Veranstaltungsbericht über den Vortrag zum Thema "Europäische Identität und Weltraumpolitik" von Professor Schrogl

Wo ist Europas Neil Armstrong?

Brauchen wir in Europa einen eigenen Neil Armstrong? Brauchen wir in Europa ein europäisches Weltraumereignis, das uns als europäische Gemeinschaft zusammenschweißt? Über diese Fragen debattierten wir von der BSH und der JEF (Junge Europäische Föderalisten) Tübingen gemeinsam mit Professor Kai-Uwe Schrogl im Rahmen seines Vortrags zum Thema „Europäische Identität und Weltraumpolitik“. Professor Kai-Uwe Schrogl ist Sonderberater für politische Angelegenheiten bei der Europäischen Weltraumorganisation, kurz ESA, und lehrt an der Universität Tübingen im Bereich Politikwissenschaft. 
 

Was sind für Euch Beispiele für europäische Identität? Mit dieser Frage beginnt Professor Schrogl seinen Vortrag bei der BSH und der JEF Tübingen. Der Euro, die Europa-Flagge, gemeinsame Werte und das grenzenlose Reisen sind die Antworten der anwesenden Zuhörenden. Und was ist mit dem Weltall, gibt es in diesem Bereich so etwas wie eine europäische Identität? 
 

Für Schrogl selbst können im Allgemeinen Projekte, die nicht einzelne Staaten allein, sondern europäische Staaten gemeinsam umgesetzt haben, zum Ausdruck einer europäischen Identität werden.
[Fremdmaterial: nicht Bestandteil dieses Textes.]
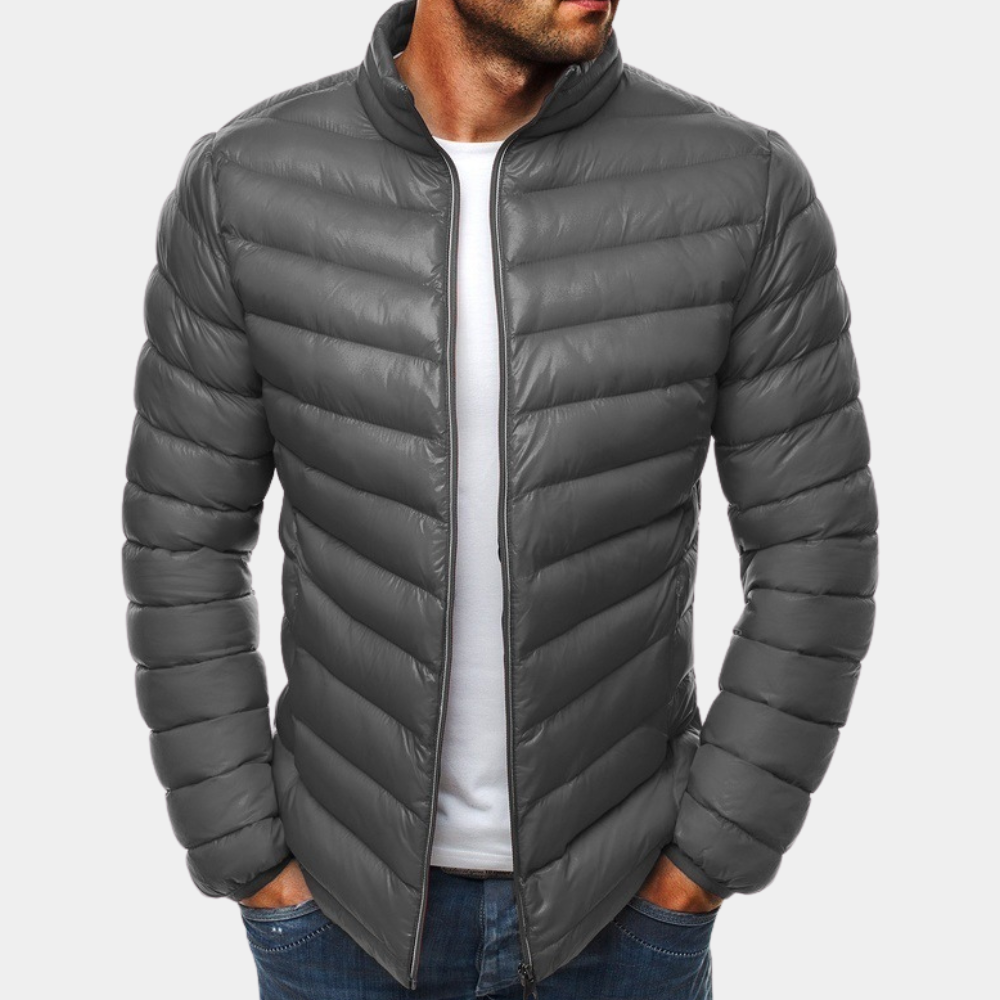 Grijze gewatteerde jas voor heren, modieus en warm, ideaal voor herfst en winter. Comfortabele pasvorm, perfect voor casual en outdoor activiteiten.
Im All sieht er die ESA und von ihre umgesetzte Projekte, wie den Bau der neuen Ariane-Rakete oder auch die gemeinsam betriebenen Satelliten Copernicus und Galileo als Beispiele für eine europäische Identität an. Im Anschluss an seine Einstiegsfrage stellt Professor Schrogl den Anwesenden 10 Thesen über die Arbeit der ESA vor, die verdeutlichen, dass der Raumfahrt eine Bedeutung für eine europäische Identität zukommt. 
 

Der Weltraum ist weit mehr als ein Gegenstand von Forschung, sondern er hat eine strategische Bedeutung, zum Beispiel im Bereich Sicherheit. Nach internationalem Recht gehört das Weltall nicht einem Staat allein, sondern allen als Gemeinschaft. Er soll friedlich, beispielsweise für Forschungszwecke genutzt werden. Dennoch ist das Weltall auch aus militärischer Sicht von Bedeutung. Kommunikationssatelliten sind nicht nur für zivile Kommunikation, sondern auch für die militärische auf dem Schlachtfeld von Bedeutung. Das Beispiel der Ukraine, die über die Starlink Satelliten von SpaceX kommunizieren, zeigt die Abhängigkeit des Militärs von Satelliten und auch was es heißt auf ein kommerzielles Unternehmen angewiesen zu sein. 
 

Professor Schrogl betont den Vorteil der ESA in diesem Kontext. Die ESA ist eine multilaterale Organisation, der neben den EU-Ländern auch Großbritannien, Norwegen und die Schweiz angehören. In Europa entscheidet die Politik, was im Weltall passieren soll, und finanziert entsprechende Projekte. Dabei können die europäischen Fähigkeiten entgegen der Wahrnehmung der meisten Europäer*innen mit denen der USA und anderen Raumfahrtnationen mithalten. Europa hat in den Augen von Schrogl das Geld, den politischen Willen und auch das Knowhow, um im Weltall erfolgreich zu performen. So liefert der Navigationssatellit Galileo der ESA beispielsweise genauere Standortdaten als das amerikanische GPS. Mit der Huygens Sonde landete ein Produkt der ESA auf dem Saturnmond Titan. Das stellt die am weitesten von der Erde entfernteste Landung einer Sonde auf einem Himmelskörper dar. Die ESA hat viele solcher Erfolge, doch sie sind außerhalb von wissenschaftlichen Fachkreisen und der Politik wenig bekannt. 
 

In der anschließenden Diskussionsrunde ging es darum, wie die Erfolge der europäischen Raumfahrt besser kommuniziert werden können, um dadurch identitätsstiftend wirken zu können. Darüber hinaus diskutierten wir Anwesenden gemeinsam mit Professor Schrogl über die amerikanische Raumfahrt insbesondere das Monopol durch SpaceX, die Kooperation zwischen den Staaten in der ESA und wie bereits jetzt hybride Angriffe auf Satelliten im All stattfinden und was für einen Schutz der Satelliten werden kann. 
 

Am Ende der Veranstaltung gingen wir Zuhörenden mit jede Menge neuem Wissen über die ESA und europäische Weltraumpolitik nach Hause. Wir bedanken uns bei Professor Schrogl für den informativen Vortrag und bei der JEF-Tübingen für die Organisation.